Segment Start: Supplied material
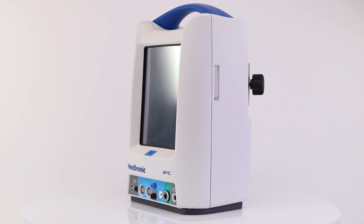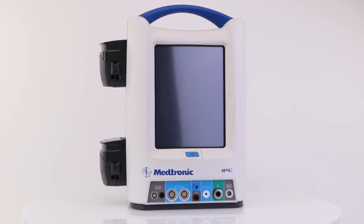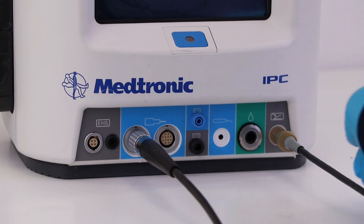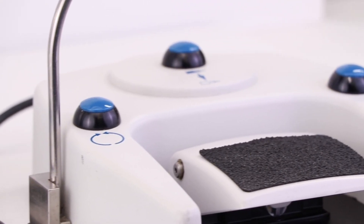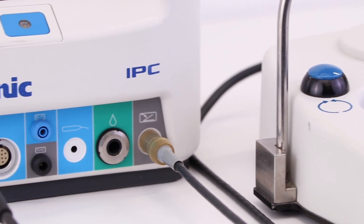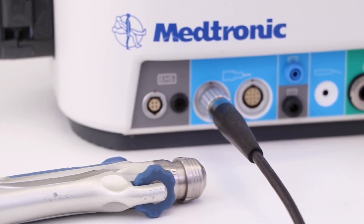The option to connect multiple handpieces at once. The Medtronic IPC system powers all of your favorite Medtronic ENT handpieces, including the Straight Shot M4 microdebrider, the M5 microdebrider, the Indigo audiological drill, the Midas Rex Legend EHS stylus drill, the Endo Scrub 2 lens cleaning sheets, the Skeeter audiologic drill, and the Vesso high-speed audiologic drill.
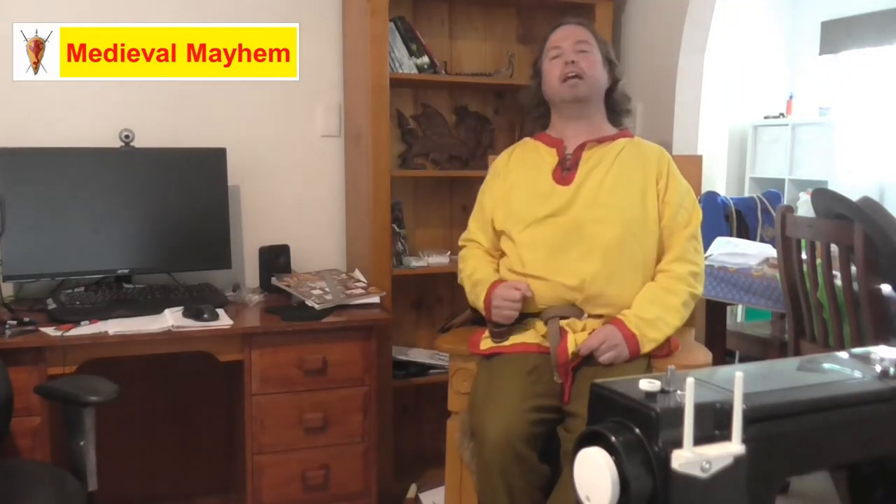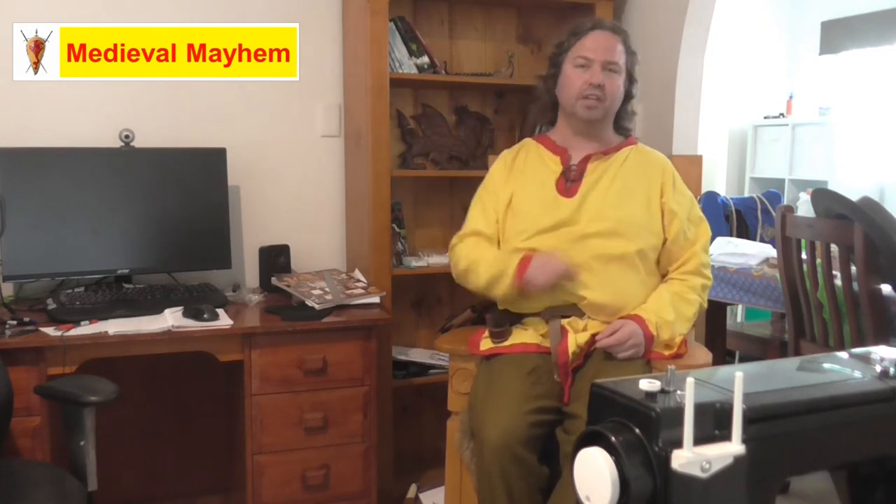G'day guys and welcome to Medieval Mayhem. On this channel you'll find lots of videos into the whole medieval period — reviews of other people's gear, crafting videos into making your own costumes, DIY videos into making your own furniture, and how-to videos into all sorts of medieval camping and that kind of thing.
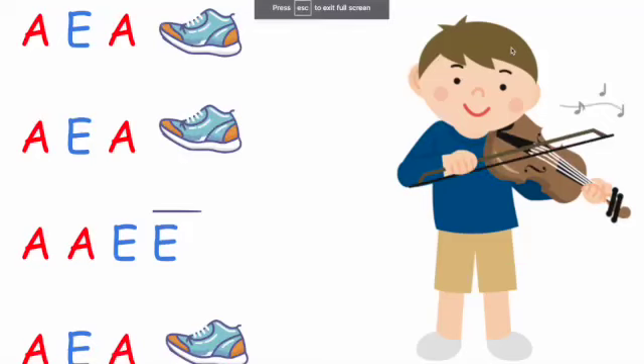Now we're going to sing and stomp along to the stomping song. Ready?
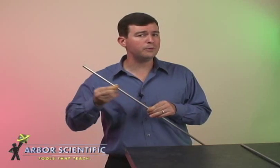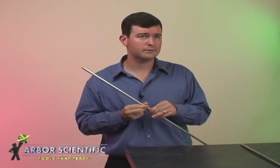Ask your students why you can hold the rod in the middle and still hear the sound. Use this demo as a review to see what your students have learned about nodes and antinodes.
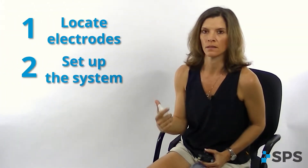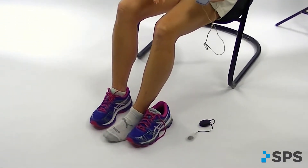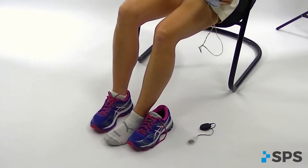The three steps are: locate electrodes, set up the system, and walk and tune. The first thing you want to do is have your patient seated in a stable chair, with knees slightly flexed, foot not planted on the floor so that you can see the foot moving when you position the electrodes and get everything in the right place. Please refer to the drop foot electrode placement video or handouts to see all of the different electrode placement options.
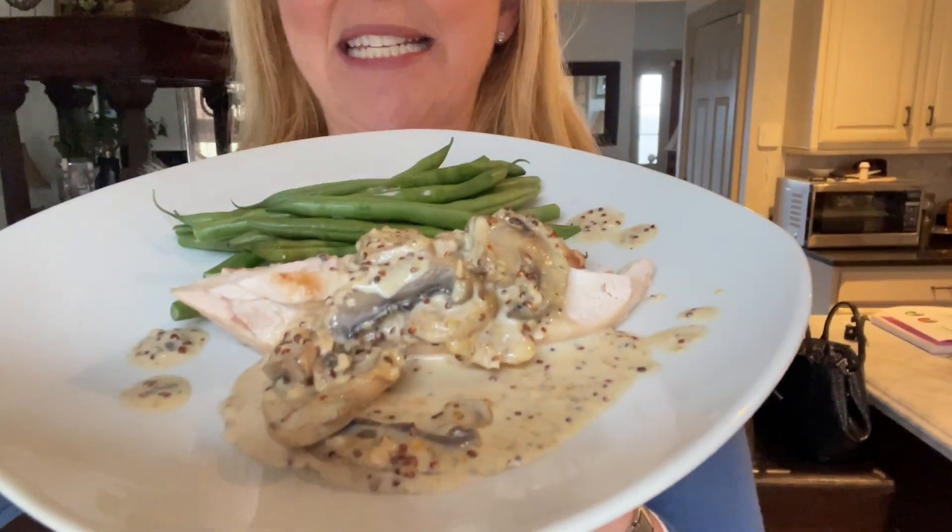I've got the recipe for you below, and you will not believe how yummy and decadent this is — and it'll keep you on program. It's Lean and Green, and it'll get you in your skinny jeans. For more, click the link below. Make sure you like and subscribe to get all the information you need to make a better meal and live a better life, the Low Carb way. Have a great day.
Segment End: Supplied material
What you should do: With the pictures omitted, print the lines above exactly, beginning at the line with "G'day guys and" and going on through the line with "The three steps".

Result below:
G'day guys and welcome to Medieval Mayhem. On this channel you'll find lots of videos into the whole medieval period — reviews of other people's gear, crafting videos into making your own costumes, DIY videos into making your own furniture, and how-to videos into all sorts of medieval camping and that kind of thing.
Now we're going to sing and stomp along to the stomping song. Ready?
Ask your students why you can hold the rod in the middle and still hear the sound. Use this demo as a review to see what your students have learned about nodes and antinodes.
The three steps are: locate electrodes, set up the system, and walk and tune. The first thing you want to do is have your patient seated in a stable chair, with knees slightly flexed, foot not planted on the floor so that you can see the foot moving when you position the electrodes and get everything in the right place. Please refer to the drop foot electrode placement video or handouts to see all of the different electrode placement options.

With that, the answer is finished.